Monday, February 8, 2010

Independensi Bank Sentral



BAB I
P E N D A H U L U A N

1. Latar Belakang Masalah
Sekarang ini, pemikiran untuk menjadikan bank sentral sebagai bank yang independen berkembang luas di seluruh dunia. Jika sebelum periode tahun 1980-an bank sentral umumnya tidak independen, maka setelah periode tersebut hampir seluruh bank sentral di dunia menjadi bank sentral yang independen. Ada dua alasan pokok untuk menjadikan bank sentral sebagai bank yang independen, yaitu menjaga kesinambungan program ekonomi, dan menghindarkan bank sentral dari campur tangan politik. Resiko yang dapat terjadi seandainya bank sentral tidak independen, yaitu terputusnya mata rantai perkembangan program ekonomi oleh karena adanya interese politik tertentu yang bermaksud mengendalikan arah dan kebijakan bank sentral untuk kepentingan politik tersebut. Di sisi lain, bank sentral yang tidak independen akan dijadikan sebagai senjata yang ampuh oleh kelompok politik tertentu untuk menyerang kebijakan moneter dan finansial pemerintah yang dianggap tidak populer.

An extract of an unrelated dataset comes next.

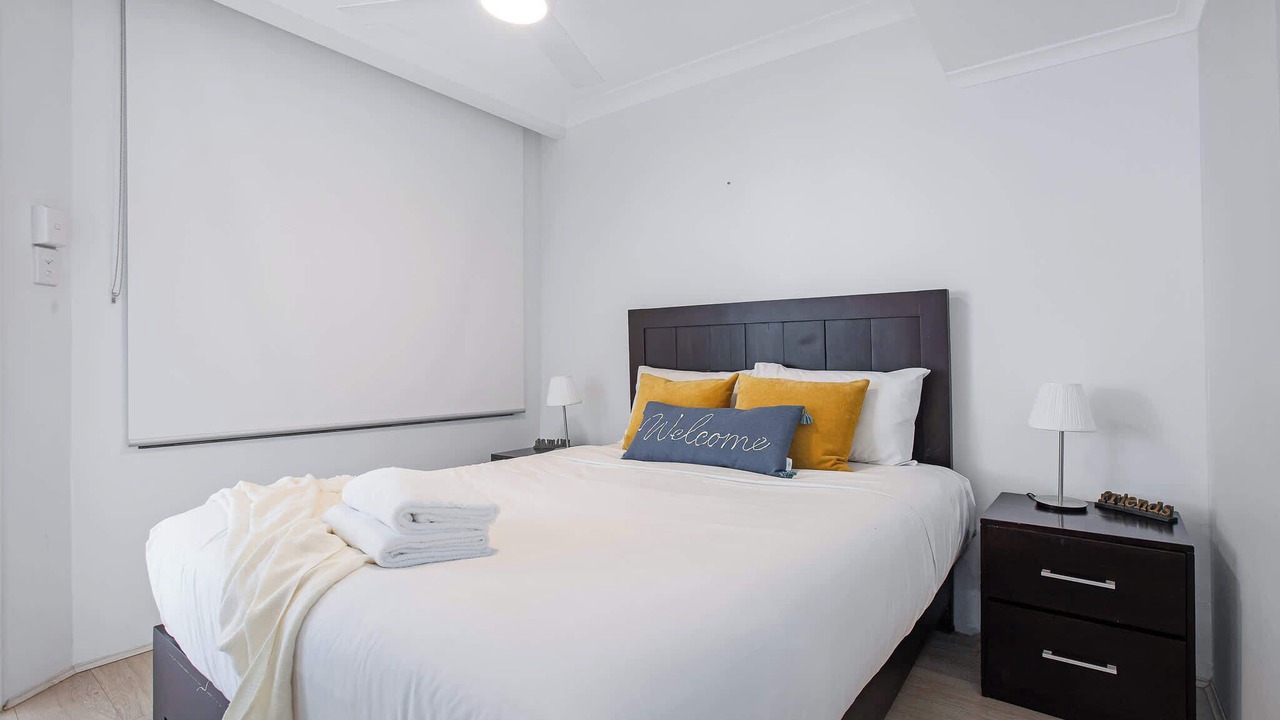 Photo of Bedroom in Maroubra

Bank Indonesia (selanjutnya disingkat BI) sebagai bank sentral dalam sejarahnya mengalami lika-liku perkembangan yang rumit, terutama terkait dengan independensinya. Menurut penulis, ada dua isu penting terkait dengan independensi BI, yaitu: 1) pola relasi antara BI dengan pemerintah dan Dewan Perwakilan Rakyat (selanjutnya disingkat DPR), 2) kedudukan BI sebagai badan hukum dan lembaga negara. Ketiga isu penting di atas tersarikan dari pokok-pokok penting beberapa Undang-undang yang mengatur tentang Bank Indonesia, dan fakta-fakta sejarah yang telah terjadi.

2. Perumusan Masalah
Sebagaimana diungkapkan di atas, independensi BI harus ditegakkan. Independensi BI dianggap perlu untuk menghindarkan BI dari campur tangan kelompok politik tertentu (termasuk pemerintah) yang dapat menghambat kesinambungan program moneter dan finansial BI. Selain itu independensi BI diperlukan agar BI sendiri tidak dijadikan sebagai amunisi bagi kelompok politik tertentu untuk menghancurkan pemerintah yang kebijakan moneter dan finansialnya dianggap tidak populer. Dalam rangka memperkuat kedudukan BI sebagai bank sentral yang independen , maka regulasi terkait BI harus diatur secara tegas dan jelas, di antaranya mengenai kedudukan BI dalam tata pemerintahan, dan status BI sebagai badan hukum dan sebagai lembaga negara. Dengan demikian, penulis memiliki dua pertanyaan pokok terkait isu independensi BI, antara lain:
1) Bagaimanakah seharusnya dibangun pola hubungan antara Bank Indonesia dengan Pemerintah dan DPR?
2) Bagaimanakah seharusnya kita memahami kedudukan Bank Indonesia sebagai badan hukum dan lembaga negara?


BAB II
A N A L I S I S M A S A L A H

1. Sejumlah Pendapat Para Ahli Mengenai Independensi Bank Sentral
Fakta mengenai semakin banyaknya bank sentral yang menjadi bank yang independen tidak lepas dari perkembangan pemikiran sejumlah ahli.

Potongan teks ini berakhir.